Haseloff spricht von "stiller Post"

Wobei er sich da inzwischen missverstanden fühlt. Da sei etwas hineininterpretiert worden, was so nicht stimme, sagt Reiner Haseloff am Freitag im Museum. Er spricht von "stiller Post" und von "einem Trichter", in den etwas hineingeraten sei, was mit dem Gesagten nichts zu tun habe. Dabei lassen die Zitate vom April eigentlich wenig Interpretationsspielraum. Von Angesicht zu Angesicht mit Laschet bastelt der sonst erfrischend direkt formulierende Haseloff plötzlich solche Sätze: "Es gibt genau so bei uns im Landesvorstand, oder gab damals, Personen, die gesagt haben, wir brauchen eigentlich aus unserer Sicht, aus der jeweiligen Sicht des Sprechenden oder sich Artikulierenden, einen Integrator wie Armin Laschet." Das ist die wohl denkbar umständlichste Variante der Aussage, dass es unter Sachsen-Anhalts Christdemokraten durchaus nicht nur Söder-Fans gibt. Immerhin sagt Haseloff noch: "In dem Moment, wo sowas demokratisch entschieden ist, steht die Union."
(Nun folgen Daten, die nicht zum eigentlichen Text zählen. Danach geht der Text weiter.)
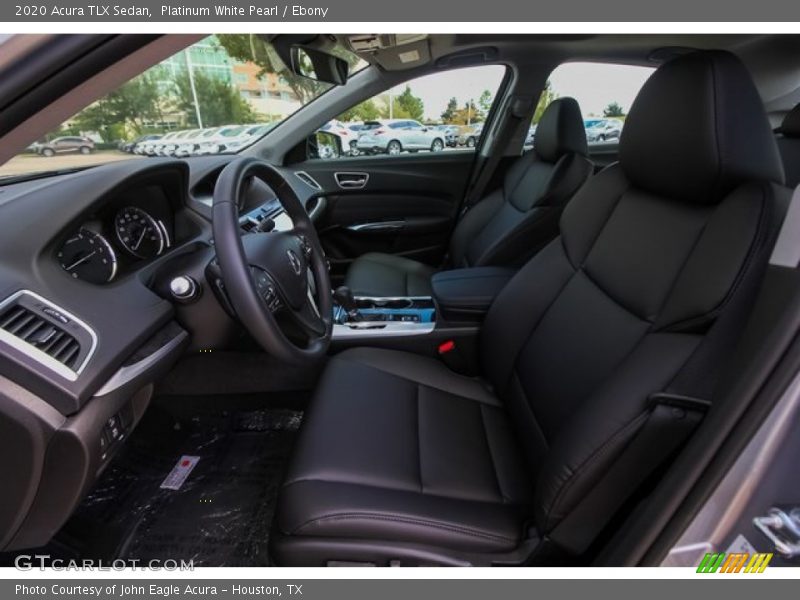 Platinum White Pearl / Ebony 2020 Acura TLX Sedan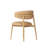 Olimpio Leather Upholstered Dining Chair, Light Brown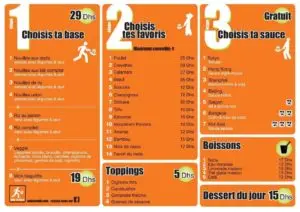 Les menus · 1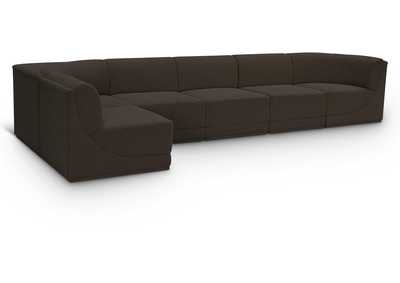 Image for Ollie Brown Boucle Fabric Modular Sectional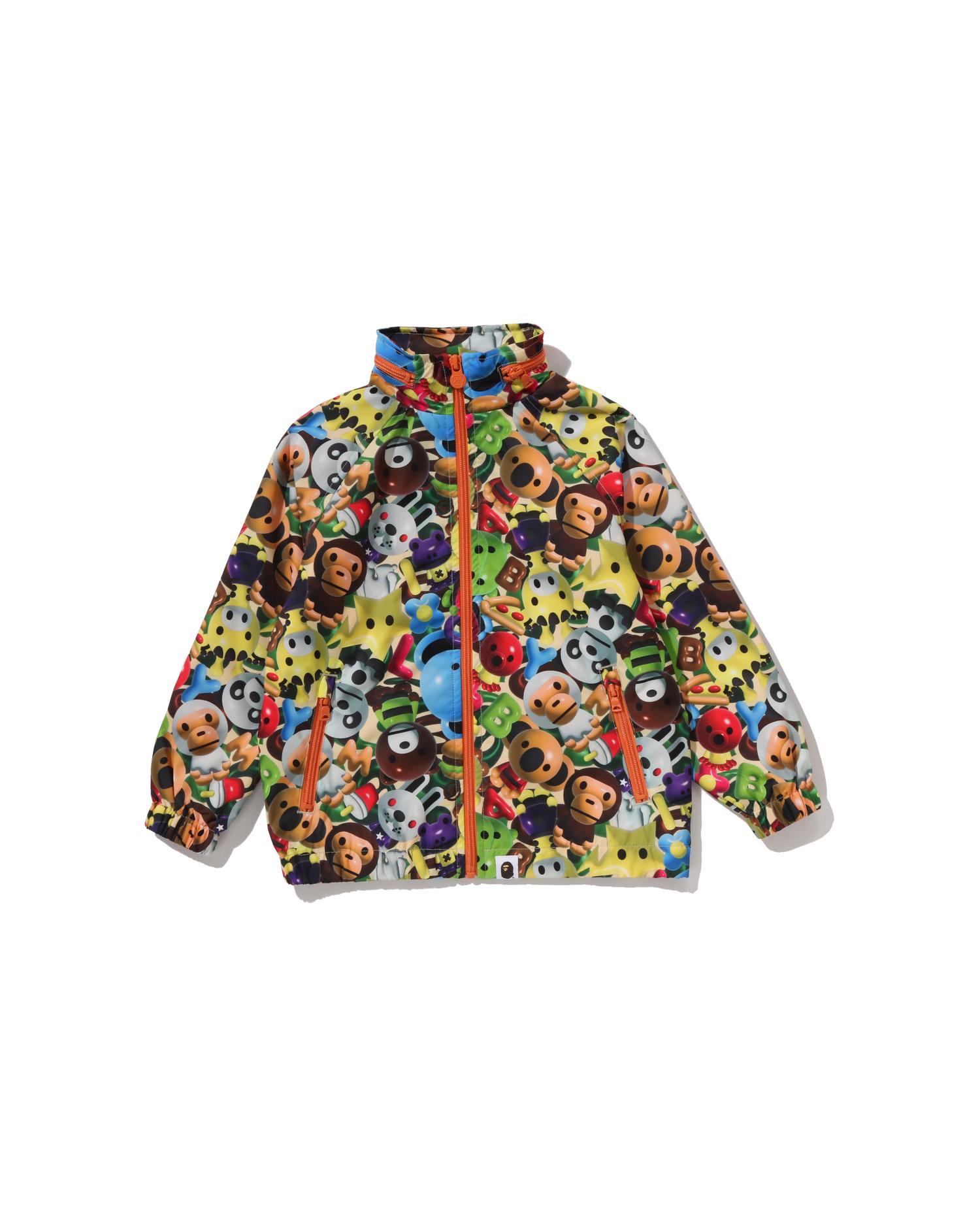 Kids 3D Milo All Friends Light Jacket by BAPE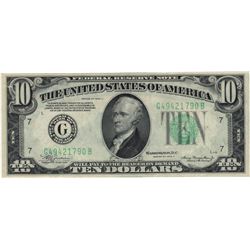 1934-A $10 Choice Circulated Federal Reserve Note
Laschet kann das bestätigen. Er habe zuletzt so viele Einladungen von der CDU-Basis in Sachsen-Anhalt gehabt, dass er gar nicht alle annehmen konnte. Ein paar hat er aber schon angenommen. "Und da sagen jetzt alle: Wir wollen lieber, dass du Kanzler wirst, als Frau Baerbock."

Das ist doch schonmal etwas, worauf sich aufbauen lässt zwischen Armin Laschet und der Ost-CDU.